Required action: The data below is to be transcribed word for word; pictures are to be excluded.

Information provided:
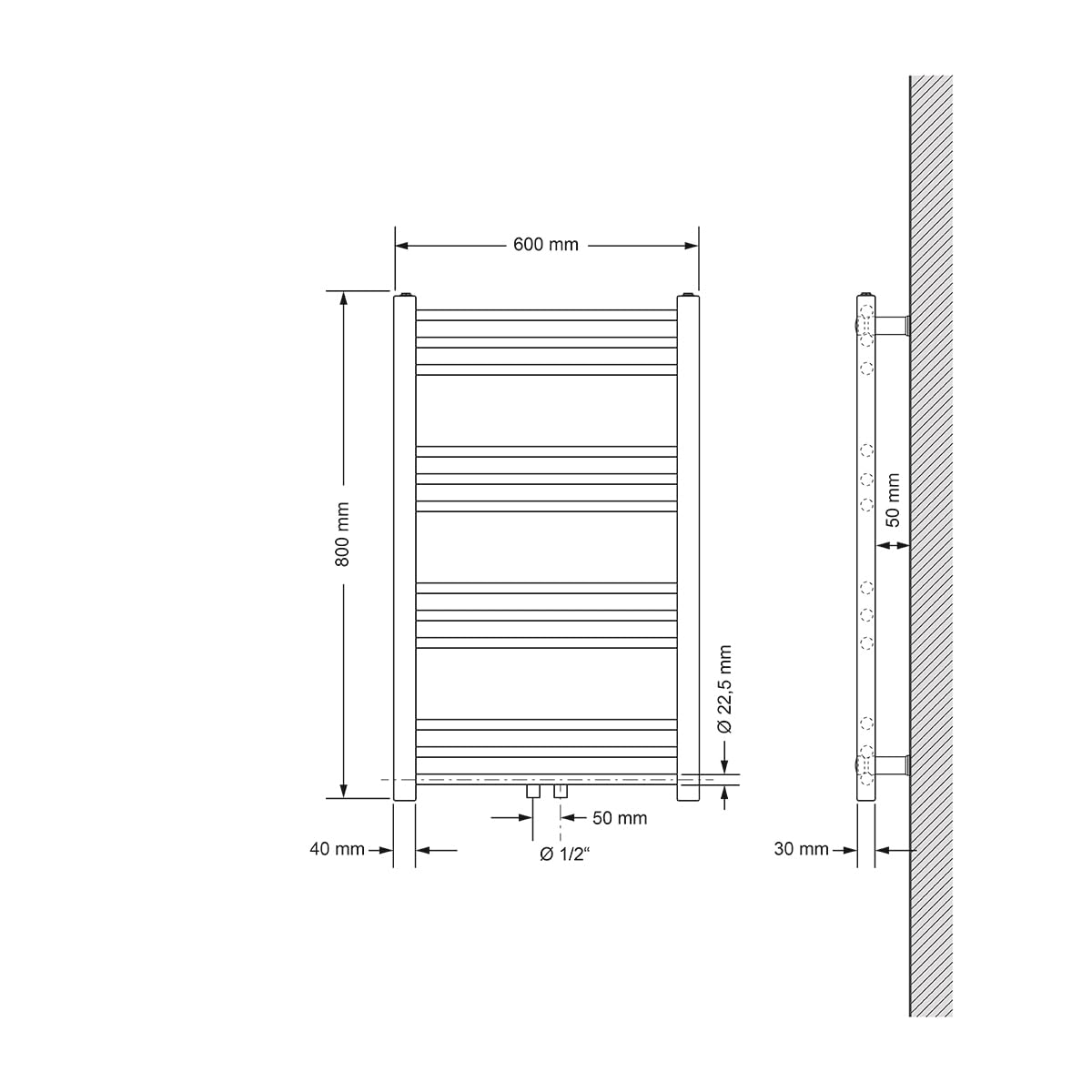 ECD Germany Badheizkörper Mittelanschluss 600 x 800 mm Weiß gerade mit Anschlussgarnitur inkl. Thermostat Universal Eck- und Durchgangsform Weiß Heizkörper Heizung Handtuchwärmer Handtuchtrockner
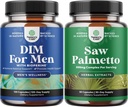 Bundle of Advanced DIM Supplement for Men - Estrogen Blocker and Extra Strength Saw Palmetto Extract - for Women and Men's Hair Health and Urinary Support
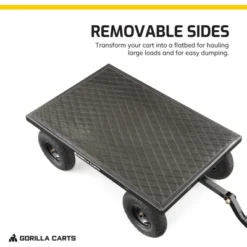Gorilla Cart GOR1200-COM 9 Cubic Feet 1200 Pound Capacity Heavy Duty Durable Steel Utility Wagon Cart W/ 2 In 1 Towing Handle & Removable Sides, Black -Garden & Outdoors GUEST d6afd00a 1cb7 4649 bdad 50d740ab6ab0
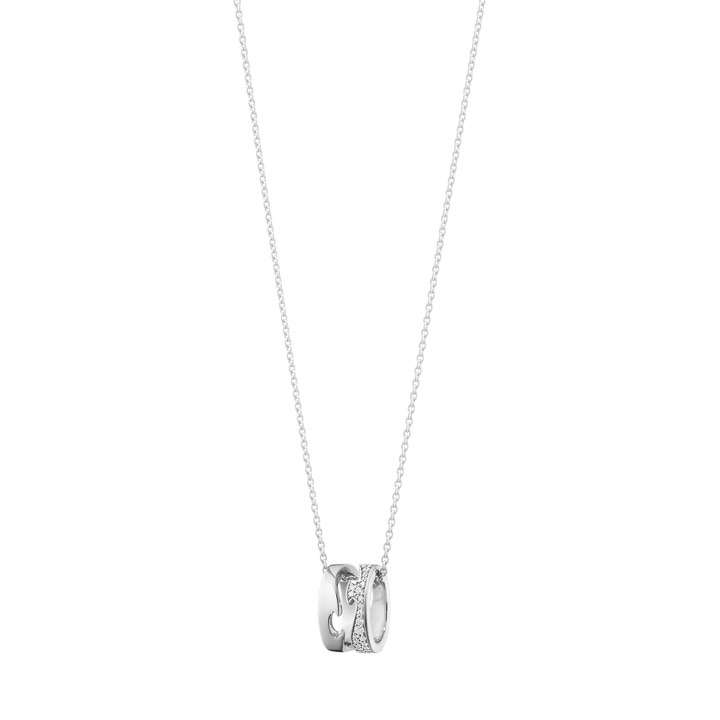 FUSION OPEN Pendant White gold PAVÉ 0.22 CT in the group Necklaces / Diamond Necklaces at SCANDINAVIAN JEWELRY DESIGN (10016424)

Response to this task:
 ECD Germany Badheizkörper Mittelanschluss 600 x 800 mm Weiß gerade mit Anschlussgarnitur inkl. Thermostat Universal Eck- und Durchgangsform Weiß Heizkörper Heizung Handtuchwärmer Handtuchtrockner
 Bundle of Advanced DIM Supplement for Men - Estrogen Blocker and Extra Strength Saw Palmetto Extract - for Women and Men's Hair Health and Urinary Support
Gorilla Cart GOR1200-COM 9 Cubic Feet 1200 Pound Capacity Heavy Duty Durable Steel Utility Wagon Cart W/ 2 In 1 Towing Handle & Removable Sides, Black -Garden & Outdoors GUEST d6afd00a 1cb7 4649 bdad 50d740ab6ab0
 FUSION OPEN Pendant White gold PAVÉ 0.22 CT in the group Necklaces / Diamond Necklaces at SCANDINAVIAN JEWELRY DESIGN (10016424)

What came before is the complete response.